Saad's target is perhaps not yours truly, it's "progressives," so it's fair to wonder if the charge might apply in some cases. Well, who knows? He only calls out one particular progressive, Ben Affleck. Does the charge fit? Well, where does Affleck say or imply that "you can't criticize Islam"? Nowhere in the now infamous Maher kerfuffle. And Affleck clearly expresses disgust at the idea of putting apostates to death. Hence, he accepts criticism of actual terrible actions by individuals who are members of the group being attacked as a monolith. What he doesn't accept is the baseless tribalist claim that Islam is like, the worst thing ever. Or something. I dunno. Harris, Maher, and Saad don't really say. Sometimes they'll say "Islam is 'the motherlode of bad ideas'" (Harris) or some other version of uniquely violent; other times they'll claim they're just trying to point out that Islam has negative consequences. If the latter, well, no shit. Being an irrational atheist asshat like Sam Harris has negative consequences too. "Group X is uniquely evil" is an entirely different argument than "some beliefs accurately attributed to self-described members of group X have negative consequences." In R. Scott Bakker's lingo, that's called "gaming ambiguities." Critique the baseless "uniquely evil" charge and get a defense of a mundane, uncontroversial charge that Islam helps cause some bad things. They don't see the switcheroo and many of their critics don't catch it either.

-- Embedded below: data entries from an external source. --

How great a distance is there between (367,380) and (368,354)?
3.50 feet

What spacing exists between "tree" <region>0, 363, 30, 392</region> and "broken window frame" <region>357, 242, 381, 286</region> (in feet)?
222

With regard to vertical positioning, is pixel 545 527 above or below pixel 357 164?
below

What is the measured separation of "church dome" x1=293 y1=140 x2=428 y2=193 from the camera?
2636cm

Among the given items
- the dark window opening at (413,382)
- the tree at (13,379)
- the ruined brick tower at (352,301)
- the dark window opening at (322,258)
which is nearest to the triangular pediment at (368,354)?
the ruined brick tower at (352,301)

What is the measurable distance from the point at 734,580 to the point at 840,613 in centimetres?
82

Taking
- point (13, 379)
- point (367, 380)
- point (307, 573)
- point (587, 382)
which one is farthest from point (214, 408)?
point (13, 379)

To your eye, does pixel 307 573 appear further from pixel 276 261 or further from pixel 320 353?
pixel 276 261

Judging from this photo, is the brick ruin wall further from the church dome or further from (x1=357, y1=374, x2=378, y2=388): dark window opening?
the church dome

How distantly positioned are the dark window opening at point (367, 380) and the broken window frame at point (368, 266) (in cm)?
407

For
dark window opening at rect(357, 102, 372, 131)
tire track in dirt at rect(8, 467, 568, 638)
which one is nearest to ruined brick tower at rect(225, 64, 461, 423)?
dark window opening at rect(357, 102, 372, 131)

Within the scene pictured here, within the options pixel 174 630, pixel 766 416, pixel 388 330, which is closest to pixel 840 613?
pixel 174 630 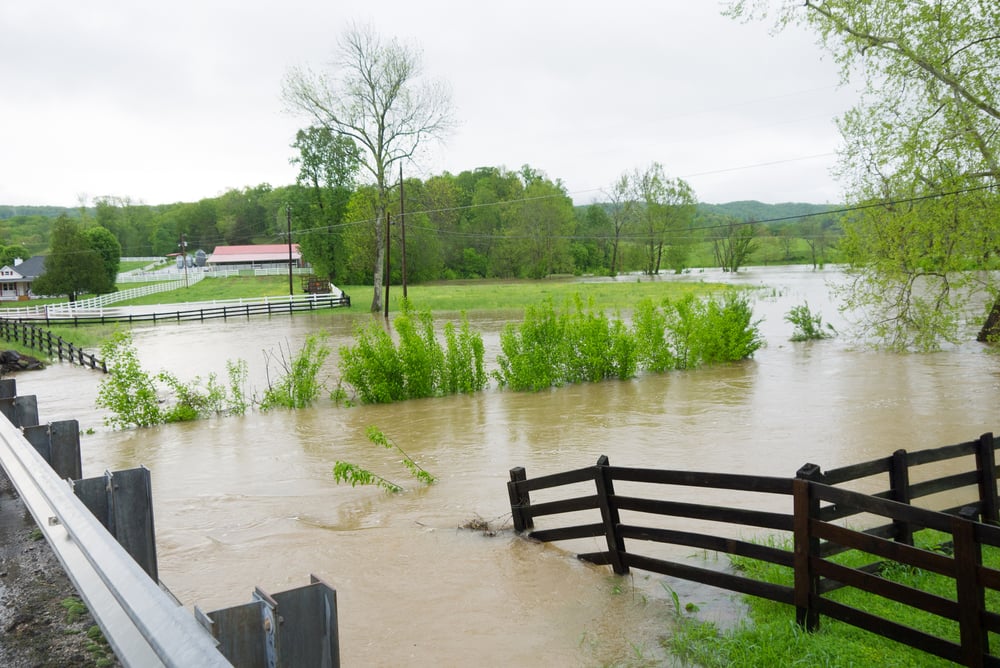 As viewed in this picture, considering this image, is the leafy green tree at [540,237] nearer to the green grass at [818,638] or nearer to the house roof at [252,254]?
the house roof at [252,254]

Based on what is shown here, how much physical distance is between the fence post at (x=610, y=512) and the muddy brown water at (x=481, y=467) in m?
0.22

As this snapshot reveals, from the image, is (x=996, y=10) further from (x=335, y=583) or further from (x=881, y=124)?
(x=335, y=583)

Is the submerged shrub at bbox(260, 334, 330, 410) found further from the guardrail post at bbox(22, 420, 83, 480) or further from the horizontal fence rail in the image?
the horizontal fence rail

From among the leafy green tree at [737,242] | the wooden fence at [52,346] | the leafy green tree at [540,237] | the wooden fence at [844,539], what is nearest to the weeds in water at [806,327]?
the wooden fence at [844,539]

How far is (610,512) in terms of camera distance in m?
7.80

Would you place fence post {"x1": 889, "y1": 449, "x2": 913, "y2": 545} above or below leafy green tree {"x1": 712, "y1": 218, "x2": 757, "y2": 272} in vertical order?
below

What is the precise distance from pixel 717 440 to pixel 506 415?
18.5 ft

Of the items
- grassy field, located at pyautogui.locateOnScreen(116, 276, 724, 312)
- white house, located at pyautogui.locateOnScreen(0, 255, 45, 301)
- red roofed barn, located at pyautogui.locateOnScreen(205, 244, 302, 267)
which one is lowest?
grassy field, located at pyautogui.locateOnScreen(116, 276, 724, 312)

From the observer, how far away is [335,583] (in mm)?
8664

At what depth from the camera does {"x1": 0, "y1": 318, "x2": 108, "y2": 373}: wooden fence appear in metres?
31.5

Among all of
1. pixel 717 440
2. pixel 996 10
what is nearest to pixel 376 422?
pixel 717 440

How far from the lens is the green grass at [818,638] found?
5.41 meters

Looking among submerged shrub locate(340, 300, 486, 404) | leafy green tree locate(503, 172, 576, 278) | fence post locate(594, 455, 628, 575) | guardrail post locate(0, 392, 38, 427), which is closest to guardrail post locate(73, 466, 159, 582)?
guardrail post locate(0, 392, 38, 427)

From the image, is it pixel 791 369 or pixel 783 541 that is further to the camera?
pixel 791 369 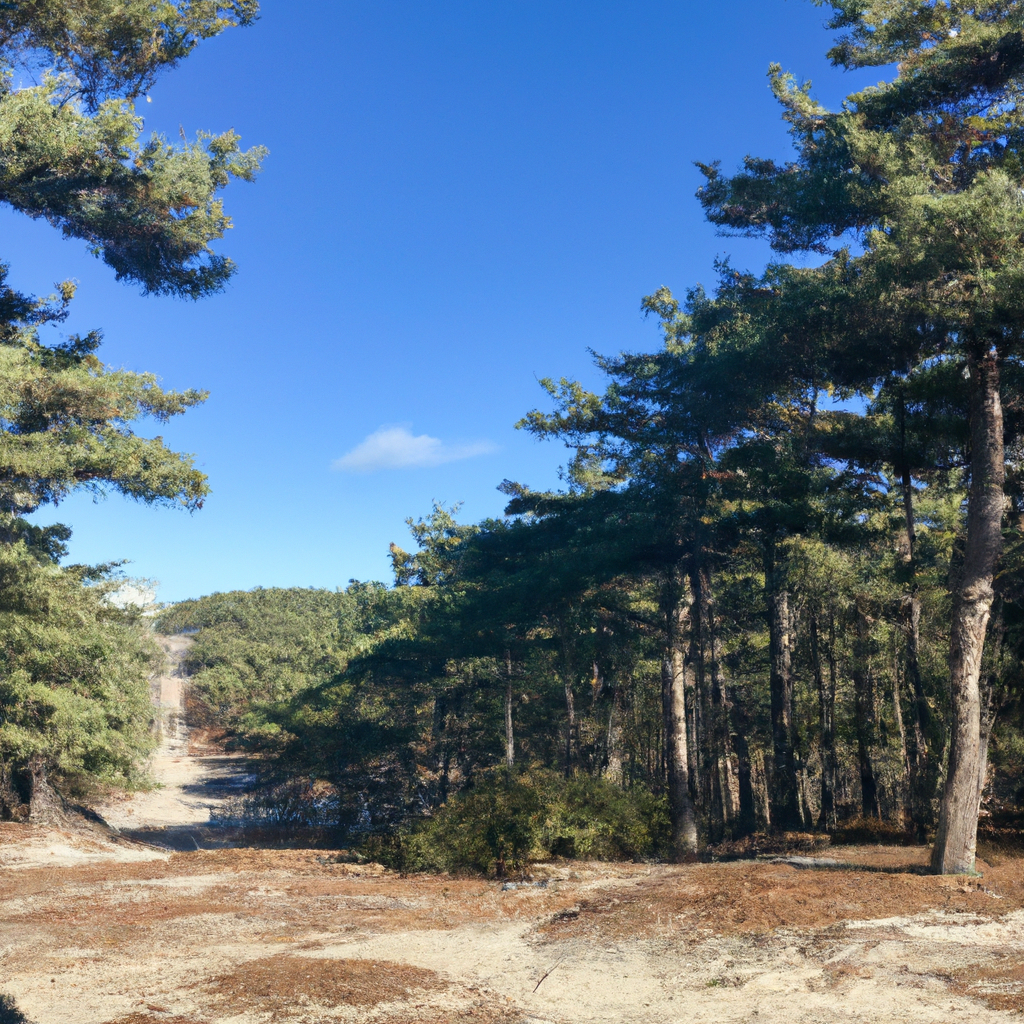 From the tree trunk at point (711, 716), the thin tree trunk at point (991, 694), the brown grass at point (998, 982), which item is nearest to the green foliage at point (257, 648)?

2. Attacks on Islam can't be racist because Islam is not a race.
--This is correct, arguably, though it's the sort of thing only an apologist would say. A non-apologist would advise the use of a better term to describe the same problem and note that the complaint is merely semantic. For my part, I haven't used the term racism to describe Islamaphobia because I find tribalism more useful. I see racism as a subset of the category "tribalism" -- the principles are the same. You set up a monolithic other by projecting the opposite of all you'd label "good" on it, then you attack the strawman you've created.
3. Saad claims that progressive attitudes toward Muslims are based on anecdotal evidence; implies his case is statistically sound.
--So, my "no, no..." post, again, is a challenge to any defender of the idea that Islam is uniquely prone to violence to prove it with, you know, data. So this is the part where one might hope Saad would do just that. Nope. Just psychologizes about how his a priori mistaken adversaries must be basing their cases on anecdotes. Those silly kids.
Before getting to #4, the host repeats Saad's strawman with a slick addition. He says that progressives think "people shouldn't criticize Islam for fear it would be offensive." Can't speak for others but personally I'm not one to pull punches for fear of offending people. I offend people, quite intentionally, where I think they hold baseless beliefs that are harmful to others. I'll eagerly offend Muslims on exactly the same grounds. Unless shown otherwise (e.g., some quotes), this is just more strawman material.
I would, however, defend the "feelings" of Muslims to the extent that they're targets of unfounded tribalist hate, which is altogether different. I'm also concerned about the material consequences of Islamaphobia. There are real consequences to being baselessly targeted as part of a monolith. (Ask, I dunno, Black people.) For example, someone might use that Muslim caricature as part of an effort to, say, launch an aggressive war against your country, kill your family and such. Muslim Americans (and others who just look like they could be) are victims of violent, so-called hate crimes (statistically!) at a greater rate than say, white people, thanks in large part to the tribalist Muslim caricature. Kind of a big deal. Not a "being offensive" issue.
Around the 6:00 mark, Saad repeats the strawman.
4. Saad offers an anecdote about someone he talked to who just didn't get it. Ha.